Open Politics As A Distinct Theory
The open-politics theory, a narrow application of open-source governance, combines aspects of the free software and open content movements, promoting decision-making methods claimed to be more open, less antagonistic, and more capable of determining what is in the public interest with respect to public policy issues. It takes special care for instance to deal with equity differences, geographic constraints, defamation versus free political speech, accountability to persons affected by decisions, and the actual standing law and institutions of a jurisdiction. There is also far more focus on compiling actual positions taken by real entities than developing theoretical "best" answers or "solutions". One example, DiscourseDB, simply lists articles pro and con a given position without organizing their argument or evidence in any way.
While some interpret it as an example of "open source politics", open politics is not a top–down theory but a set of best practices from citizen journalism, participatory democracy and deliberative democracy, informed by e-democracy and netroots experiments, applying argumentation framework for issue-based argument as they evolved in academic and military use through the 1980s to present. Some variants of it draw on the theory of scientific method and market methods, including prediction markets and anticipatory democracy.

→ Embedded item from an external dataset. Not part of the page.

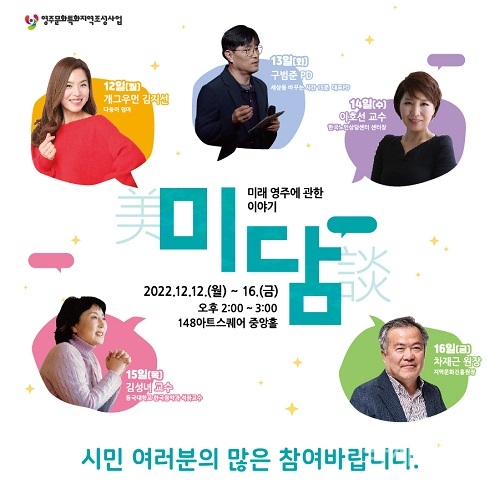 영주시, ‘미래 영주에 관한 이야기 : 미담’ 명사 초청 릴레이 강연 개최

Its advocates often engage in legal lobbying and advocacy to directly change laws in the way of the broader application of the technology, e.g. opposing political libel cases in Canada, fighting libel chill generally, and calling for clarification of privacy and human rights law especially as they relate to citizen journalism. They are less focused on tools although the semantic mediawiki and tikiwiki platforms seem to be generally favored above all others.